[Records from a dataset]
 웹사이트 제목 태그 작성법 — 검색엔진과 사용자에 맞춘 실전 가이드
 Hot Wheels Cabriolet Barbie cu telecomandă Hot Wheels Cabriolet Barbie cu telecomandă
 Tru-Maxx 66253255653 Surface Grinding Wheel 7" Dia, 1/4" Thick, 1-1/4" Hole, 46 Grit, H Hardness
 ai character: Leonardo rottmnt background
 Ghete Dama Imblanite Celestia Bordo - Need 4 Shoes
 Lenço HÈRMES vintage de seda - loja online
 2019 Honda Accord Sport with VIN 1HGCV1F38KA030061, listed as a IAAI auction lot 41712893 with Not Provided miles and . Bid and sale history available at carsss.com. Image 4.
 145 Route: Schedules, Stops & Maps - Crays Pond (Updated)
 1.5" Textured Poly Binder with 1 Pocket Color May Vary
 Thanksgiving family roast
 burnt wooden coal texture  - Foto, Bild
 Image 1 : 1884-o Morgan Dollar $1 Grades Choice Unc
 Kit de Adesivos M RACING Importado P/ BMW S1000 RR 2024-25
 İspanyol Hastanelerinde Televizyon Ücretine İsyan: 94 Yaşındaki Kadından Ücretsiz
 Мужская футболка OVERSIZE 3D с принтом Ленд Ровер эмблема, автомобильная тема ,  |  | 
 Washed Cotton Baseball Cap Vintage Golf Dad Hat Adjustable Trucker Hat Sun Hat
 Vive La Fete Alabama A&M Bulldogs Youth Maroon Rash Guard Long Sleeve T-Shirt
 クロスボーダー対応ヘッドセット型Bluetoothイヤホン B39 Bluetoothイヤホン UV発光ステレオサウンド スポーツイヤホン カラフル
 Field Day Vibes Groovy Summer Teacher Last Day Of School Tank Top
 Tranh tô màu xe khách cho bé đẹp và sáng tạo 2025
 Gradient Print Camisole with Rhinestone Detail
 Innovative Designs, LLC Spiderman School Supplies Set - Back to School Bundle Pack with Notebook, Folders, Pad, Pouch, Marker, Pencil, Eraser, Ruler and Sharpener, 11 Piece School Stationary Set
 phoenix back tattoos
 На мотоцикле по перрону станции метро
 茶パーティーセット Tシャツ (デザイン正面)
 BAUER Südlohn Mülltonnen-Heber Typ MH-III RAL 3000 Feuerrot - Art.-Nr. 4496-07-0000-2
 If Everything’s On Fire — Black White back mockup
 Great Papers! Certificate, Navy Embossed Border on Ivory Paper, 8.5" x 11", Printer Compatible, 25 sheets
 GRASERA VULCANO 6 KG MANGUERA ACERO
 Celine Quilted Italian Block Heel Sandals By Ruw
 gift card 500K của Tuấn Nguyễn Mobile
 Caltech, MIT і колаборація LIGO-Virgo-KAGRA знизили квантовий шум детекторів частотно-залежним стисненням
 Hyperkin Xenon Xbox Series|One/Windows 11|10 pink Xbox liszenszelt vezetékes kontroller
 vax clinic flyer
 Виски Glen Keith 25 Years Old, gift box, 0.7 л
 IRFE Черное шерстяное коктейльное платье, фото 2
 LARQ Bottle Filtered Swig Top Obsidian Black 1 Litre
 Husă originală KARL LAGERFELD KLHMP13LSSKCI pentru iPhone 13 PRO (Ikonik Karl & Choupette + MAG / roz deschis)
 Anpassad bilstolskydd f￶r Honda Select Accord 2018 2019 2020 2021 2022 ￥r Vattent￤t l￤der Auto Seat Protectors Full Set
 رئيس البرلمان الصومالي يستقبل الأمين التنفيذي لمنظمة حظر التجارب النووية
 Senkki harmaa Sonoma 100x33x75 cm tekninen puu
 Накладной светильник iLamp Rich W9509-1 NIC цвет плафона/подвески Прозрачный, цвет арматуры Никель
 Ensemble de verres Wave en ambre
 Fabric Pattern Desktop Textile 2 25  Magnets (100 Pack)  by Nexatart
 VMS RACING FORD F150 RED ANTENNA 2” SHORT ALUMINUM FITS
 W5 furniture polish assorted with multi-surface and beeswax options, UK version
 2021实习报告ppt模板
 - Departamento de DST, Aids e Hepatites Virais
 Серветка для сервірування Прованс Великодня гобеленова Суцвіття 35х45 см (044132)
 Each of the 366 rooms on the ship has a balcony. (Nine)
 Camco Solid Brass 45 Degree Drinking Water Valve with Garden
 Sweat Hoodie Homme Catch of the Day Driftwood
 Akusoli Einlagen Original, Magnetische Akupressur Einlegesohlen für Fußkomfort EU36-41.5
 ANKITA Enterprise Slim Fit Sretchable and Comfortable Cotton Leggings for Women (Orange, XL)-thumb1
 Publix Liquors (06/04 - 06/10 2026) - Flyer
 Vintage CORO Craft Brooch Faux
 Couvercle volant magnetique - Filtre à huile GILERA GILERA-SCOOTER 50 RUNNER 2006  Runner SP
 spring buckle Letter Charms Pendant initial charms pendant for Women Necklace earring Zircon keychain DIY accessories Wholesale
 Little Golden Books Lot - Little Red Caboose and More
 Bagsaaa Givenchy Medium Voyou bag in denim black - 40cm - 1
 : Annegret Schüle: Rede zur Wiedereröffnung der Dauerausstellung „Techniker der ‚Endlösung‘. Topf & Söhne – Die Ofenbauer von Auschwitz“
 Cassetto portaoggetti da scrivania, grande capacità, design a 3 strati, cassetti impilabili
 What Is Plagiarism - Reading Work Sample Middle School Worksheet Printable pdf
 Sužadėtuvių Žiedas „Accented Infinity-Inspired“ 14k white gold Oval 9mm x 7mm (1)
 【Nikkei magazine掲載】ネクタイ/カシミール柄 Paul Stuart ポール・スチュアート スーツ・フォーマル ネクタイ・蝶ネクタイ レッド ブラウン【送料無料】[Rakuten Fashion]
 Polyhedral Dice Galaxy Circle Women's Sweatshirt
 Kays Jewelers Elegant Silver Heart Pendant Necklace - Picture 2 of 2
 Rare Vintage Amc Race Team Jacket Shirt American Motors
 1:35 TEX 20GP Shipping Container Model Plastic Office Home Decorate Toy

[HOW TO COMPLETE THIS TASK]
Up to and including the line with "Thanksgiving family roast", repeat the data exactly, starting from its first line; nothing else belongs in the response.

[SOLUTION BELOW]
 웹사이트 제목 태그 작성법 — 검색엔진과 사용자에 맞춘 실전 가이드
 Hot Wheels Cabriolet Barbie cu telecomandă Hot Wheels Cabriolet Barbie cu telecomandă
 Tru-Maxx 66253255653 Surface Grinding Wheel 7" Dia, 1/4" Thick, 1-1/4" Hole, 46 Grit, H Hardness
 ai character: Leonardo rottmnt background
 Ghete Dama Imblanite Celestia Bordo - Need 4 Shoes
 Lenço HÈRMES vintage de seda - loja online
 2019 Honda Accord Sport with VIN 1HGCV1F38KA030061, listed as a IAAI auction lot 41712893 with Not Provided miles and . Bid and sale history available at carsss.com. Image 4.
 145 Route: Schedules, Stops & Maps - Crays Pond (Updated)
 1.5" Textured Poly Binder with 1 Pocket Color May Vary
 Thanksgiving family roast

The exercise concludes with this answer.